• **PROBLEM STATEMENT**
The reply should contain all the data below, repeated exactly, and none of the images.

• **MATERIAL PROVIDED**
Segment Open
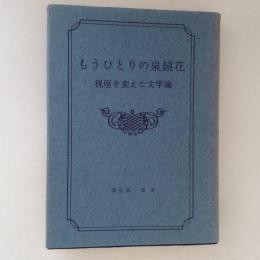 もうひとりの泉鏡花 : 視座を変えた文学論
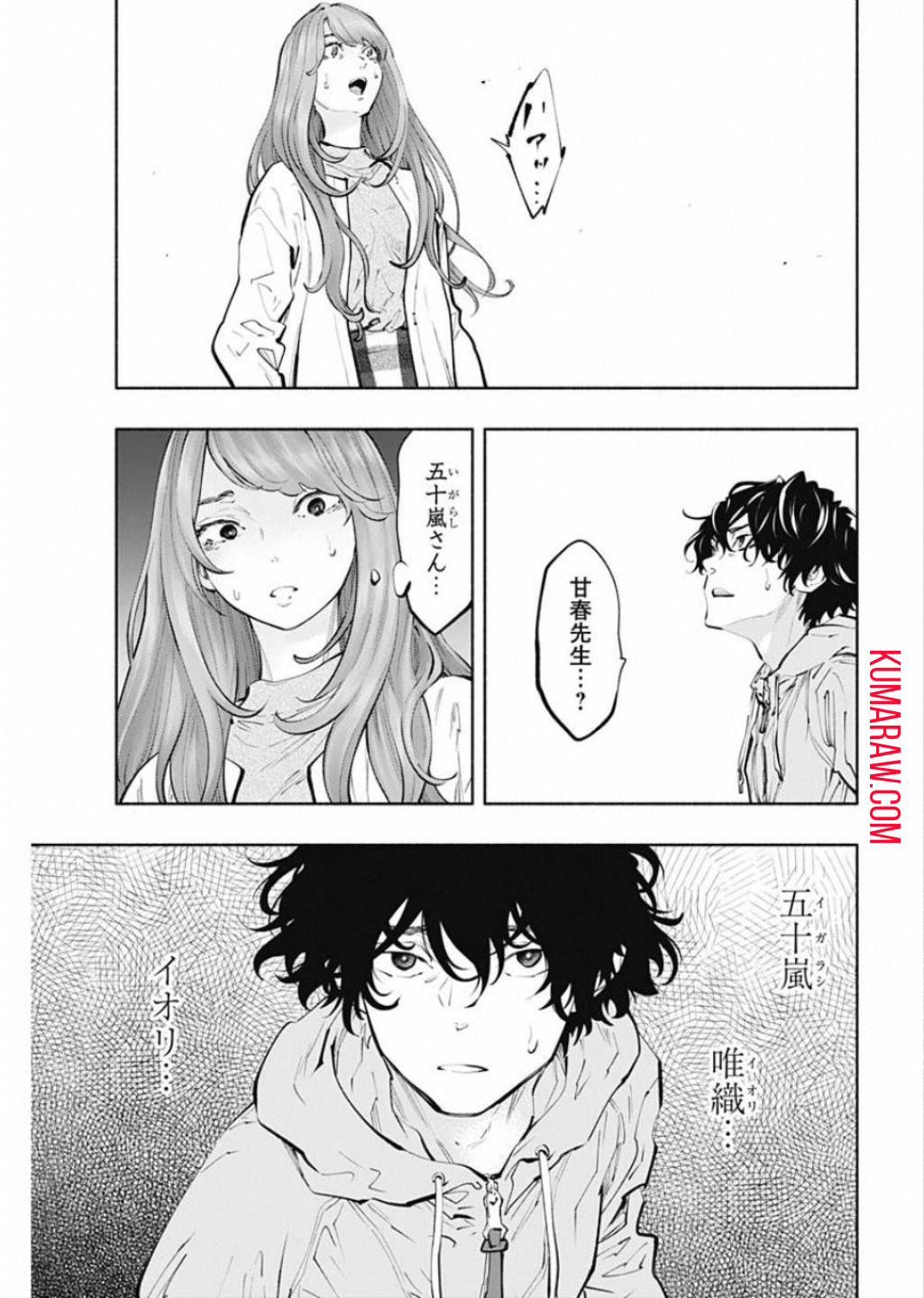 ラジエーションハウス 第71話 - Page 7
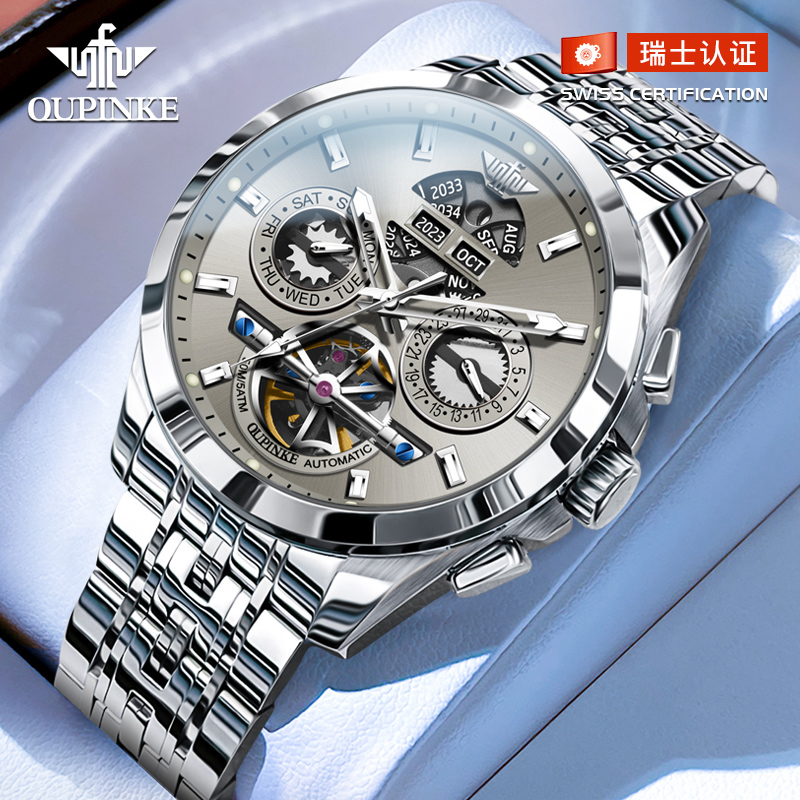 瑞士欧品客品牌手表新款男机械表全自动男款正品镂空潮流时尚腕表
Segment Closed
• **OUTPUT OF THE TASK**
 もうひとりの泉鏡花 : 視座を変えた文学論
 ラジエーションハウス 第71話 - Page 7
 瑞士欧品客品牌手表新款男机械表全自动男款正品镂空潮流时尚腕表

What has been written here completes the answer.